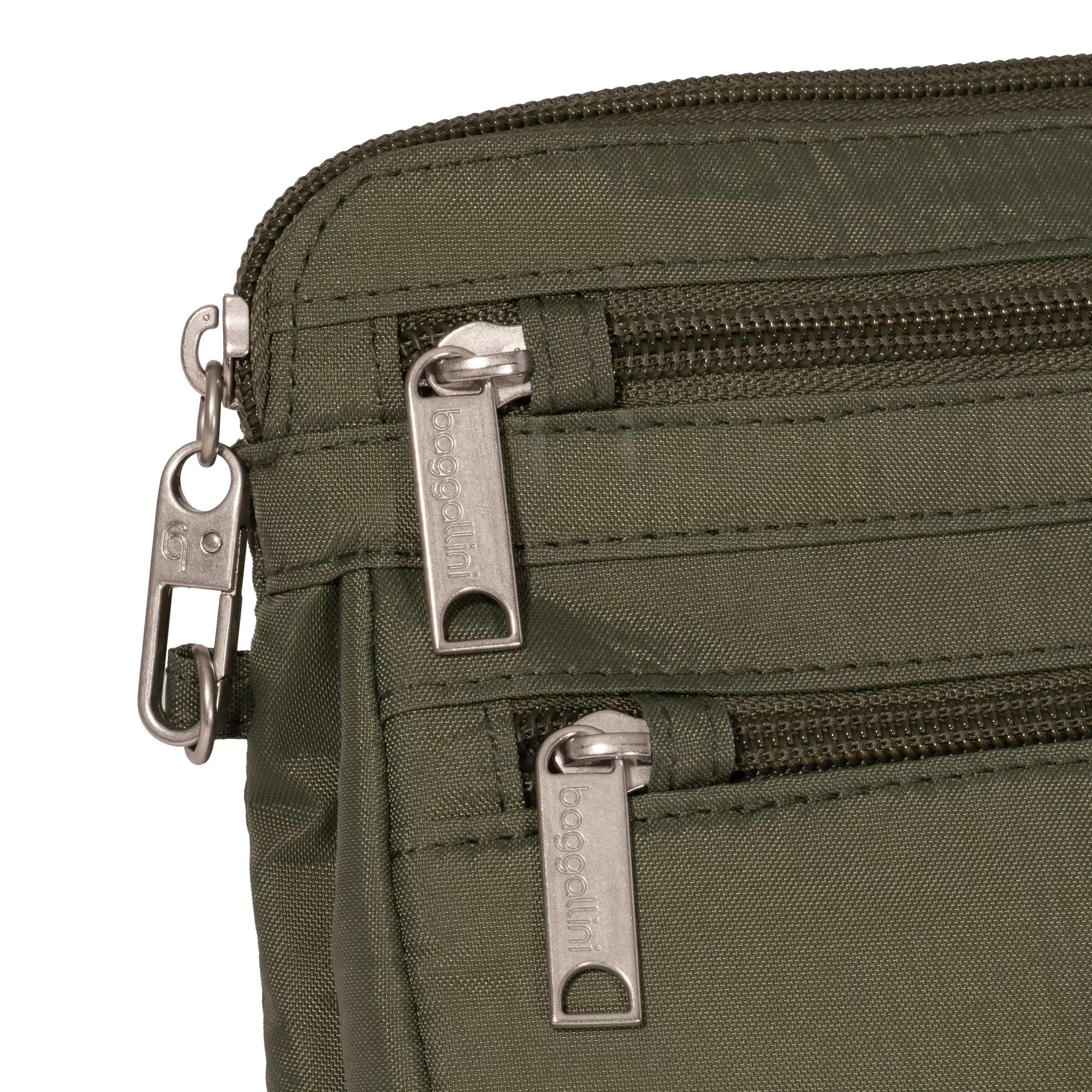 Securtex® Classic Anti-Theft Crossbody Bag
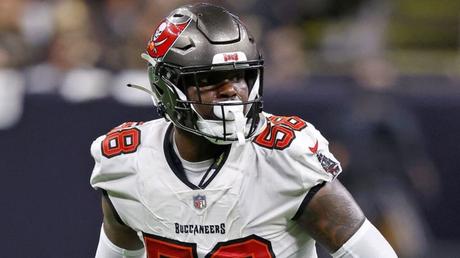 Noticias de la NFL Hoy – Lunes 1 de mayo de 2023 LB Shaquil Barrett, Tampa Bay Buccaneers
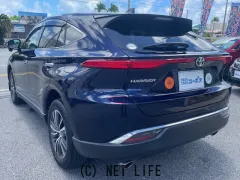 トヨタ ハリアー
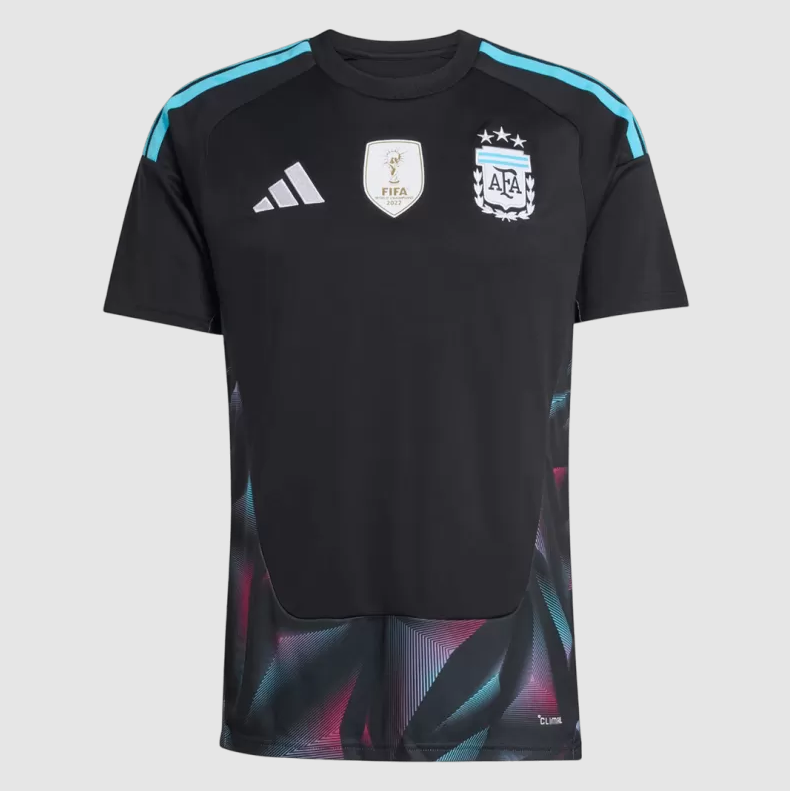 Argentina Goalkeeper Soccer Jersey World Cup 2026
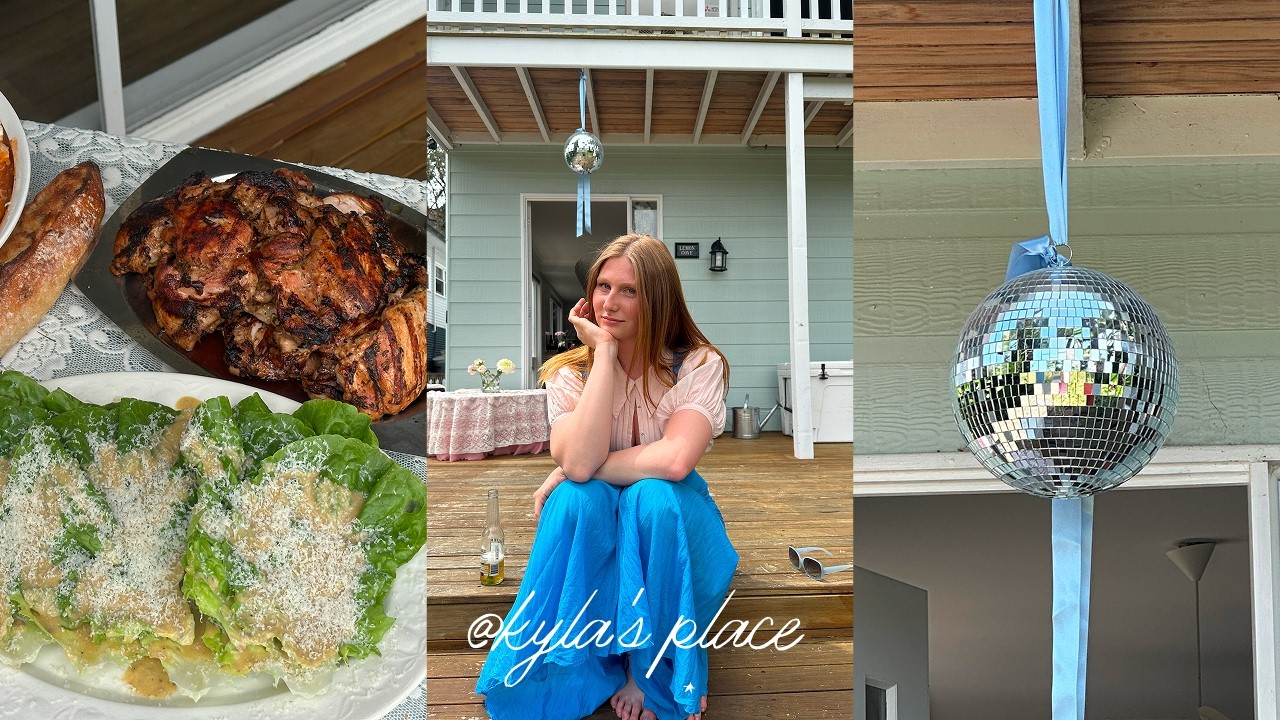a love letter to the women in my life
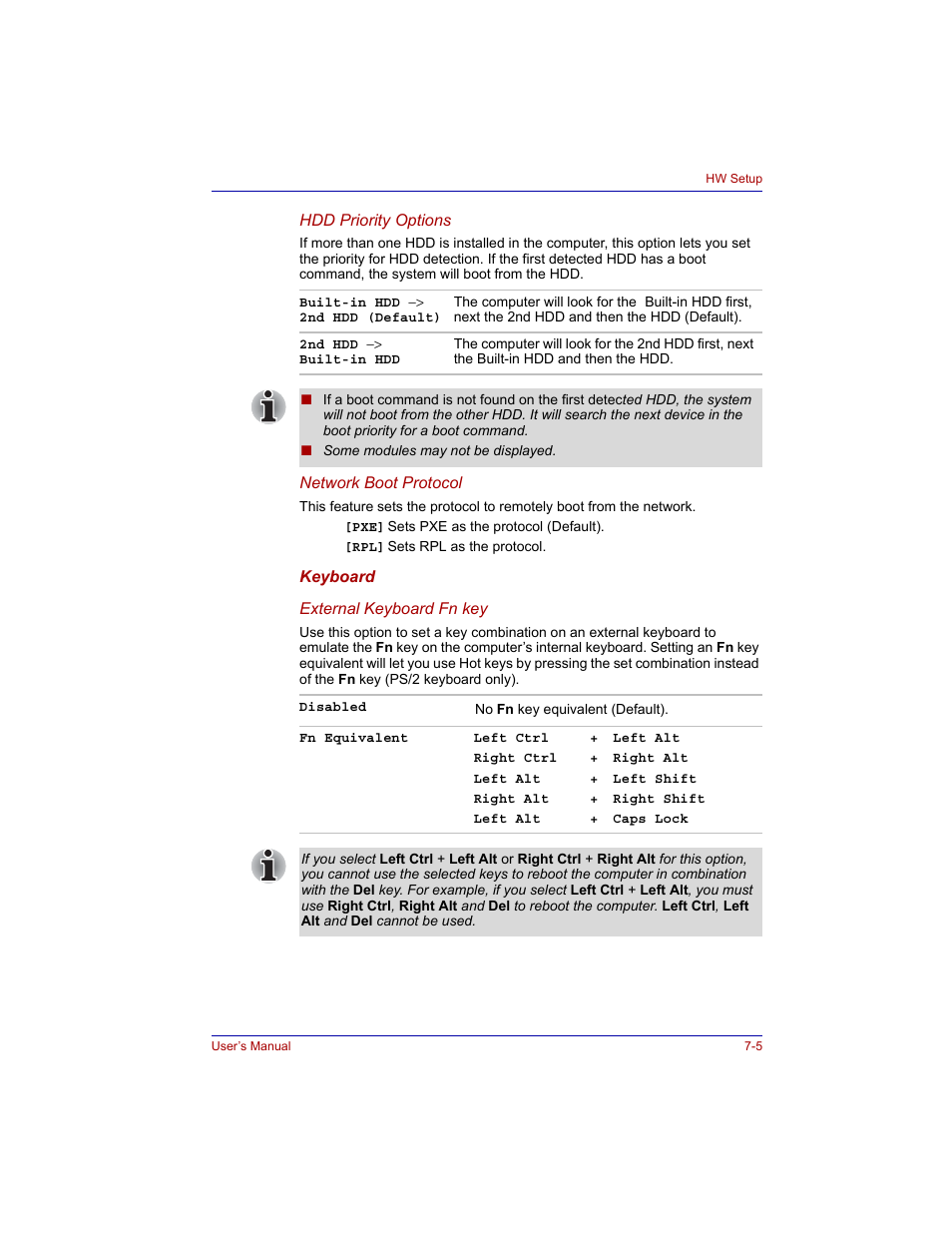 Toshiba Tecra M3 User Manual | Page 137 / 236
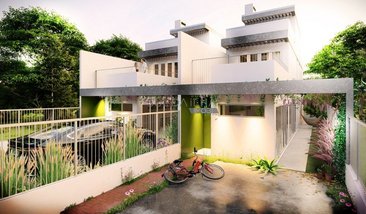 house em Jardim dos Eucaliptos, Campeche - Florianópolis - SC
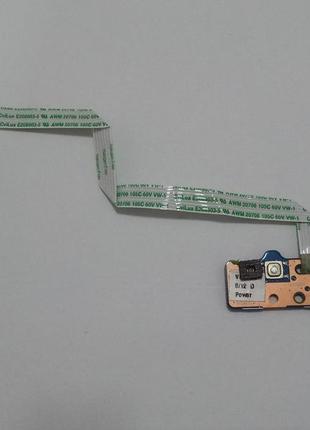 Кнопка включення hp 355 g2 (nz-10831)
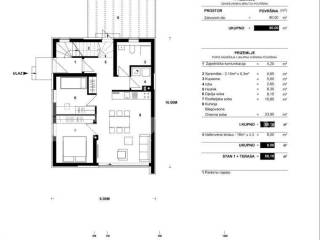Flat in a new building, Sale, Zagreb, Trešnjevka - sjever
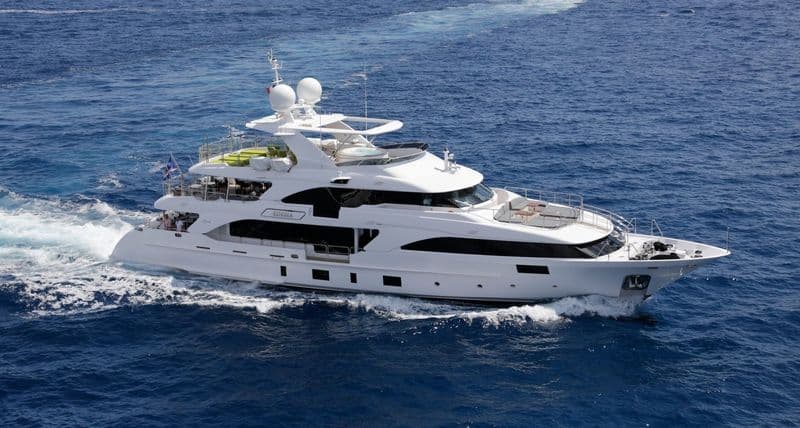 Motor Yacht Edesia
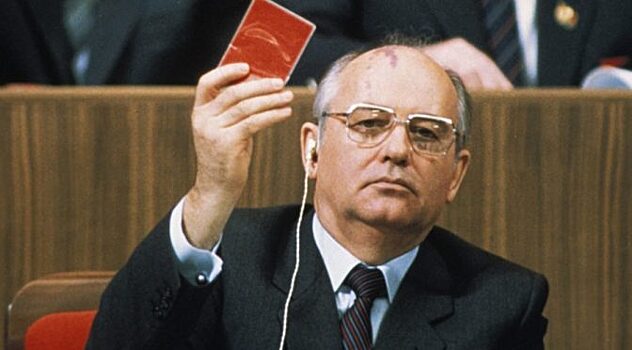 Почему Горбачев решился на Перестройку и причем тут Маргарет Тэтчер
──────────
What you have to do = Please write out only the material above, exactly, from its first line through the line that contains "a love letter to the women in my life", and include no pictures.

Your solution =
 Securtex® Classic Anti-Theft Crossbody Bag
 Noticias de la NFL Hoy – Lunes 1 de mayo de 2023 LB Shaquil Barrett, Tampa Bay Buccaneers
 トヨタ ハリアー
 Argentina Goalkeeper Soccer Jersey World Cup 2026
a love letter to the women in my life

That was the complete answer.